Me persigue un fantasma.
Hace tiempo ya que vive conmigo.
Se levanta, como yo cada mañana, con el abrir de la persiana
y también se acuesta cada noche entre sábanas y bostezos.
Es un fantasma amigable, una presencia insistente que si tuviera que describirla
sería color bordó: intenso, elegante, sublime, persistente, pasional.
Este fantasma aparece algunos días más que otros,
los de lluvia no se despega, y hasta en la bici monta conmigo.
Es tan poderoso que a veces se sobrepasa y se cuela en los sueños,
y es ahí que me enojo con él: esos días nos peleamos, porque pasamos demasiado tiempo juntos.
Es mi confesor y mi destinatario imaginario, el receptor de cada pensamiento.
Es un fantasma parecido a un humano, casi como que puedo reconocerlo y tocarlo,
pero cada vez que intento atraparlo para que salga de mí, me resulta imposible.
Él quiere seguir jugando al invisible.
A veces me pregunto si las personas que me rodean se dan cuenta de esta presencia.
Y a mi me gusta darme cuenta cuando alguien tiene su propio fantasma.
El mío tiene nombre, pero me da vergüenza decirlo.
La verdad es que nos divertimos.
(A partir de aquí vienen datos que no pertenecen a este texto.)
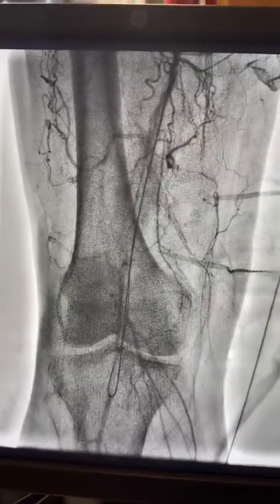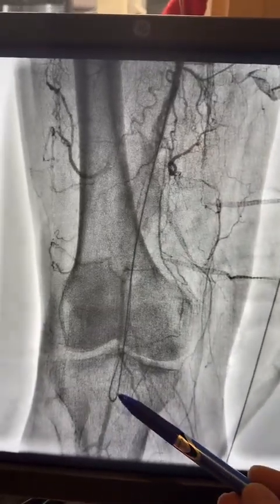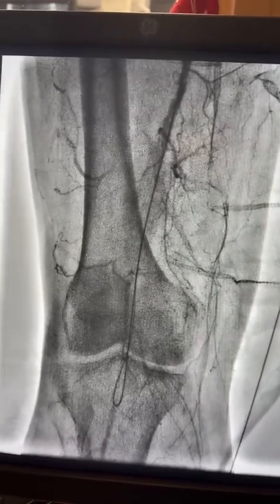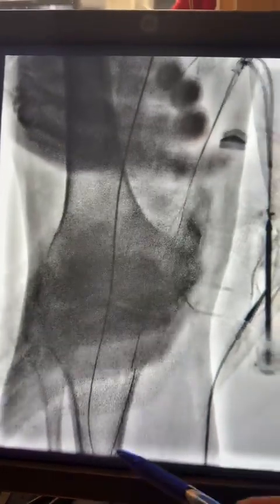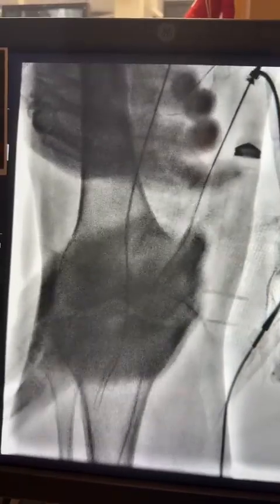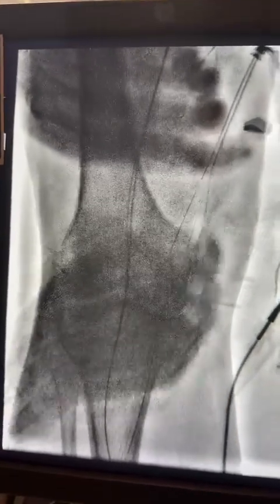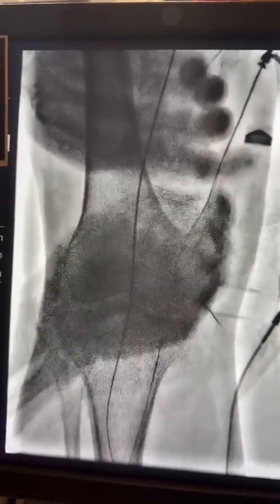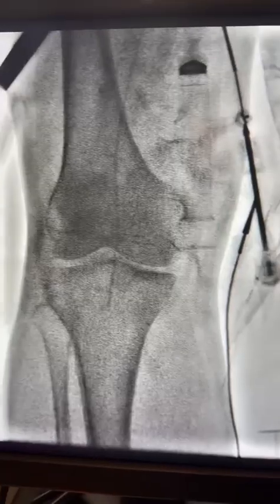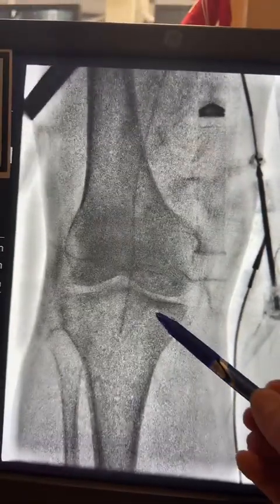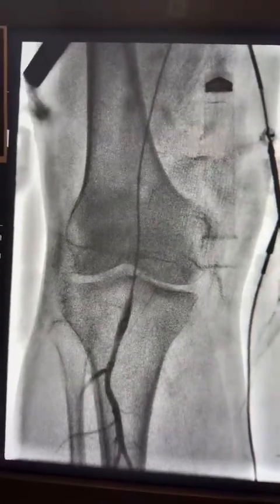Here you can see the wire went through the CTO segment and landed in the popliteal artery. I then advanced the glide catheter over it and exchanged the wire to a J-wire, which is safer distally.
Charlamos un montón y nos conocemos como si fuéramos uno.
Ahora que lo tengo tan incorporado, no quiero que se vaya.
Ya llegamos a ese punto de planificar una vida juntos, un futuro de amigos
reales y no tanto. Eso es lo más divertido de nuestra amistad:
que no se compara a nada de este mundo, porque es tan fuerte y tan imaginaria
que pareciera inagotable.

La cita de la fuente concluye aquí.